Published online Nov 26, 2018. doi: 10.4252/wjsc.v10.i11.160
Peer-review started: August 30, 2018
First decision: October 16, 2018
Revised: October 18, 2018
Accepted: October 23, 2018
Article in press: October 23, 2018
Published online: November 26, 2018
Biomarker-driven individualized treatment in oncology has made tremendous progress through technological developments, new therapeutic modalities and a deeper understanding of the molecular biology for tumors, cancer stem cells and tumor-infiltrating immune cells. Recent technical developments have led to the establishment of a variety of cancer-related diagnostic, prognostic and predictive biomarkers. In this regard, different modern OMICs approaches were assessed in order to categorize and classify prognostically different forms of neoplasia. Despite those technical advancements, the extent of molecular heterogeneity at the individual cell level in human tumors remains largely uncharacterized. Each tumor consists of a mixture of heterogeneous cell types. Therefore, it is important to quantify the dynamic cellular variations in order to predict clinical parameters, such as a response to treatment and or potential for disease recurrence. Recently, single-cell based methods have been developed to characterize the heterogeneity in seemingly homogenous cancer cell populations prior to and during treatment. In this review, we highlight the recent advances for single-cell analysis and discuss the challenges and prospects for molecular characterization of cancer cells, cancer stem cells and tumor-infiltrating immune cells.

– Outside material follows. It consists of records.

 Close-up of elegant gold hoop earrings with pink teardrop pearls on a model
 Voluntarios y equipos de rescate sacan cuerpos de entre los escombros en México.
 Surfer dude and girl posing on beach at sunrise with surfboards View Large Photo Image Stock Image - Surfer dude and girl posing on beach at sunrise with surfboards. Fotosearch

Core tip: Extensive heterogeneity in cancer cells negatively influences treatment efficacy and survival of patients. The existing molecular methods for biomarker discovery of cancer cells and cancer stem cells are often unsuited to capture the heterogeneous nature of cell populations. Recent advances in single-cell based profiling approaches allowed the detection of molecular changes in individual cancer cells. Therefore, single-cell analysis is leading to build a complete landscape of cell types within tumor cells and facilitating the study of complex molecular heterogeneity in cancer cell populations. This will improve the investigation of more specific biomarkers to identify and target cancer stem cells.